I did not grow up eating Hamburger Helper, or Tuna Helper, or any of those “add a pound of meat and enjoy” type meals. It just wasn’t something my mom bought. My dad did make his own version though, adding ground beef, onions and peas to mac and cheese. While I haven’t had that in a really long time, it was always a hit in our house growing up, and it’s easy to see why: cheese, pasta and meat, all in one pan.

Now that I’m responsible for making dinner every night, I can totally appreciate the convenience of a one-pot meal. Especially one that’s full of pasta and cheese. If I’m really on the ball with things, I can have all of the prep dishes (which are just a couple measuring cups / spoons, a cutting board, cheese grater and a knife) washed before dinner’s ready.

When I first saw this recipe, I thought it had a lot of potential. I mean, we love pasta, beef, cheese and Tex-Mex flavors. The sour cream and cream cheese worried Andy at first, but he was hooked after one bite, and now it’s one of our favorite comfort food dinners. Sometimes I take a page from my dad’s playbook and throw in frozen peas for a true, one-dish dinner. It’s also great with a side salad if peas in your Tex-Mex sounds weird to you. 😉

creamytacomac
Creamy Taco Mac

1 pound ground beef
1 onion, diced
1 green (or red or yellow) pepper, diced
1 14.5-ounce can of diced tomatoes
3 cups beef broth
4 tablespoons taco seasoning (I always make my own.)
8 ounces small / short pasta
3 ounces cream cheese, cut into chunks
1/2 cup sour cream
salt and pepper
1 1/2 cups frozen peas (optional)
shredded cheddar cheese
chopped cilantro

Brown the ground beef in a large Dutch oven over medium heat, stirring occasionally. When the meat is close to being browned, add the onion and chopped pepper. Cook until the onion had turned translucent. Drain any extra fat off of the pan, if necessary.

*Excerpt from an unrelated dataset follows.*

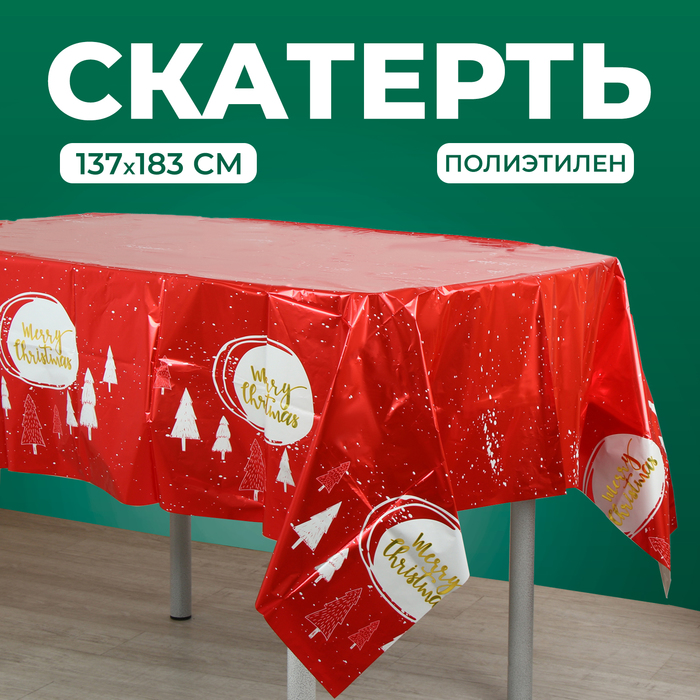 

Скатерть «Ёлочки», 137 × 183 см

Add the diced tomatoes, taco seasoning and beef broth to the pan, scraping up any browned bits from the bottom of the pan. Bring the mixture to a boil and then stir in the pasta. Reduce the heat to low and cover the pan. Cook, stirring occasionally, until the pasta is tender (about 7-10 minutes).

Add the cream cheese to the pot and stir until it has melted into the broth. Add the peas, if using. Remove the pan from the heat and add the sour cream. Stir until the sour cream is well-incorporated. Taste and season with salt and pepper if necessary.

Ladle into bowls and garnish each serving with cheese and cilantro. Serve immediately.

Barely adapted from Elly Says Opa, who adapted it from Delish

Click here for a printable version.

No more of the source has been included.